[INSTRUCTIONS FOR THE TASK] Reproduce each record exactly, leaving nothing out.

(Crawled caption data)
+===+
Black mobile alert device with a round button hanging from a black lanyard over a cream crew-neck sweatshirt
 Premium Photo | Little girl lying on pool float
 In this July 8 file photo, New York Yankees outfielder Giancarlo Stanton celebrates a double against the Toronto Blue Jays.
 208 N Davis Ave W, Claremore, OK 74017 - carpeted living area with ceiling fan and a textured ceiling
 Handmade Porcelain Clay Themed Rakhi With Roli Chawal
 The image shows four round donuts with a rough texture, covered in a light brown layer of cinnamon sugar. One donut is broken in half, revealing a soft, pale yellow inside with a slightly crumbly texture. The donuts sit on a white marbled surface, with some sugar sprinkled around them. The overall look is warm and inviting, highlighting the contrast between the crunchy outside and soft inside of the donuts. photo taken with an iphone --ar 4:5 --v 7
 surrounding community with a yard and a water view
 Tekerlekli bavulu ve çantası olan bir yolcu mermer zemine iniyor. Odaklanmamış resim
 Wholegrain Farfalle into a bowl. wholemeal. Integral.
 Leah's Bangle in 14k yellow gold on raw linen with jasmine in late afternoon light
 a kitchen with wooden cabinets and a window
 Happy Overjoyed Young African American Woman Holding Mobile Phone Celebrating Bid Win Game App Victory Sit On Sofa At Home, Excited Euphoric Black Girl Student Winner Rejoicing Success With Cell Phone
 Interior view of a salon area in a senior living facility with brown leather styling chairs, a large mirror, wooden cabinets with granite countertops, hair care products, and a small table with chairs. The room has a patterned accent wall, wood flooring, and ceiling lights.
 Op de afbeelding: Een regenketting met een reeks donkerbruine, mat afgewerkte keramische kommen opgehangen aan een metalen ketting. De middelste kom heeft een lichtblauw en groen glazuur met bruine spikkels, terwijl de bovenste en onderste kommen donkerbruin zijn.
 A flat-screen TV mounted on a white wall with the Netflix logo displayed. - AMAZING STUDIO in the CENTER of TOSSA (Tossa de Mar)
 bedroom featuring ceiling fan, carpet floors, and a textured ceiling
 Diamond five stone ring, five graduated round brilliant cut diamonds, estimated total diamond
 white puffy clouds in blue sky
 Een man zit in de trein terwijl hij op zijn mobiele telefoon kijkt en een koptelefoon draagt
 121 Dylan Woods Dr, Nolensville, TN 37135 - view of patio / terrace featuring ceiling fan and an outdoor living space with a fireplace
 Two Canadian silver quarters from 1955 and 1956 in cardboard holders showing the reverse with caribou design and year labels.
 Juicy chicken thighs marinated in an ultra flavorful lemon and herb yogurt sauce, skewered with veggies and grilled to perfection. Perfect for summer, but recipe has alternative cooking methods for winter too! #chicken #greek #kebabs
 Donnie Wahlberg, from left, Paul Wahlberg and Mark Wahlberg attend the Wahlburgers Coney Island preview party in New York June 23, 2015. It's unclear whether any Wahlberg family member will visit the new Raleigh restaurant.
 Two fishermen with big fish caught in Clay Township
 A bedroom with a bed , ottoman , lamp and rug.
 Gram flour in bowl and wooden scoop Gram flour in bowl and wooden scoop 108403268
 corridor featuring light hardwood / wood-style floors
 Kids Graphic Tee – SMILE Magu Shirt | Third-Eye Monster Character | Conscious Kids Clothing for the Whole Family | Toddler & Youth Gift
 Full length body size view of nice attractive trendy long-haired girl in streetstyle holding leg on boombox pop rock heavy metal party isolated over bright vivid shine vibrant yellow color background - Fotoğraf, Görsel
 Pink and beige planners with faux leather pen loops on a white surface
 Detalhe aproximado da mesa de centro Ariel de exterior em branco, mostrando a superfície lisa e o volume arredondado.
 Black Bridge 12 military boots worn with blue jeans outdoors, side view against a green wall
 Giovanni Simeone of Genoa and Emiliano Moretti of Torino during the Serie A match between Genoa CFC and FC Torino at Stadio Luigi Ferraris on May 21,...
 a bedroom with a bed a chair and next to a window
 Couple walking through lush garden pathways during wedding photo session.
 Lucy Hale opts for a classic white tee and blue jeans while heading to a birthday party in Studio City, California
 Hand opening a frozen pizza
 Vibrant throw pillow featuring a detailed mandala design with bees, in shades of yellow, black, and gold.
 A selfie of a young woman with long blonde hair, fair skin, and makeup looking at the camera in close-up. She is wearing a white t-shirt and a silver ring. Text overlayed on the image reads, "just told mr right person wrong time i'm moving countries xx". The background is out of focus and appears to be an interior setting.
+===+
[SOLUTION BELOW]
Black mobile alert device with a round button hanging from a black lanyard over a cream crew-neck sweatshirt
 Premium Photo | Little girl lying on pool float
 In this July 8 file photo, New York Yankees outfielder Giancarlo Stanton celebrates a double against the Toronto Blue Jays.
 208 N Davis Ave W, Claremore, OK 74017 - carpeted living area with ceiling fan and a textured ceiling
 Handmade Porcelain Clay Themed Rakhi With Roli Chawal
 The image shows four round donuts with a rough texture, covered in a light brown layer of cinnamon sugar. One donut is broken in half, revealing a soft, pale yellow inside with a slightly crumbly texture. The donuts sit on a white marbled surface, with some sugar sprinkled around them. The overall look is warm and inviting, highlighting the contrast between the crunchy outside and soft inside of the donuts. photo taken with an iphone --ar 4:5 --v 7
 surrounding community with a yard and a water view
 Tekerlekli bavulu ve çantası olan bir yolcu mermer zemine iniyor. Odaklanmamış resim
 Wholegrain Farfalle into a bowl. wholemeal. Integral.
 Leah's Bangle in 14k yellow gold on raw linen with jasmine in late afternoon light
 a kitchen with wooden cabinets and a window
 Happy Overjoyed Young African American Woman Holding Mobile Phone Celebrating Bid Win Game App Victory Sit On Sofa At Home, Excited Euphoric Black Girl Student Winner Rejoicing Success With Cell Phone
 Interior view of a salon area in a senior living facility with brown leather styling chairs, a large mirror, wooden cabinets with granite countertops, hair care products, and a small table with chairs. The room has a patterned accent wall, wood flooring, and ceiling lights.
 Op de afbeelding: Een regenketting met een reeks donkerbruine, mat afgewerkte keramische kommen opgehangen aan een metalen ketting. De middelste kom heeft een lichtblauw en groen glazuur met bruine spikkels, terwijl de bovenste en onderste kommen donkerbruin zijn.
 A flat-screen TV mounted on a white wall with the Netflix logo displayed. - AMAZING STUDIO in the CENTER of TOSSA (Tossa de Mar)
 bedroom featuring ceiling fan, carpet floors, and a textured ceiling
 Diamond five stone ring, five graduated round brilliant cut diamonds, estimated total diamond
 white puffy clouds in blue sky
 Een man zit in de trein terwijl hij op zijn mobiele telefoon kijkt en een koptelefoon draagt
 121 Dylan Woods Dr, Nolensville, TN 37135 - view of patio / terrace featuring ceiling fan and an outdoor living space with a fireplace
 Two Canadian silver quarters from 1955 and 1956 in cardboard holders showing the reverse with caribou design and year labels.
 Juicy chicken thighs marinated in an ultra flavorful lemon and herb yogurt sauce, skewered with veggies and grilled to perfection. Perfect for summer, but recipe has alternative cooking methods for winter too! #chicken #greek #kebabs
 Donnie Wahlberg, from left, Paul Wahlberg and Mark Wahlberg attend the Wahlburgers Coney Island preview party in New York June 23, 2015. It's unclear whether any Wahlberg family member will visit the new Raleigh restaurant.
 Two fishermen with big fish caught in Clay Township
 A bedroom with a bed , ottoman , lamp and rug.
 Gram flour in bowl and wooden scoop Gram flour in bowl and wooden scoop 108403268
 corridor featuring light hardwood / wood-style floors
 Kids Graphic Tee – SMILE Magu Shirt | Third-Eye Monster Character | Conscious Kids Clothing for the Whole Family | Toddler & Youth Gift
 Full length body size view of nice attractive trendy long-haired girl in streetstyle holding leg on boombox pop rock heavy metal party isolated over bright vivid shine vibrant yellow color background - Fotoğraf, Görsel
 Pink and beige planners with faux leather pen loops on a white surface
 Detalhe aproximado da mesa de centro Ariel de exterior em branco, mostrando a superfície lisa e o volume arredondado.
 Black Bridge 12 military boots worn with blue jeans outdoors, side view against a green wall
 Giovanni Simeone of Genoa and Emiliano Moretti of Torino during the Serie A match between Genoa CFC and FC Torino at Stadio Luigi Ferraris on May 21,...
 a bedroom with a bed a chair and next to a window
 Couple walking through lush garden pathways during wedding photo session.
 Lucy Hale opts for a classic white tee and blue jeans while heading to a birthday party in Studio City, California
 Hand opening a frozen pizza
 Vibrant throw pillow featuring a detailed mandala design with bees, in shades of yellow, black, and gold.
 A selfie of a young woman with long blonde hair, fair skin, and makeup looking at the camera in close-up. She is wearing a white t-shirt and a silver ring. Text overlayed on the image reads, "just told mr right person wrong time i'm moving countries xx". The background is out of focus and appears to be an interior setting.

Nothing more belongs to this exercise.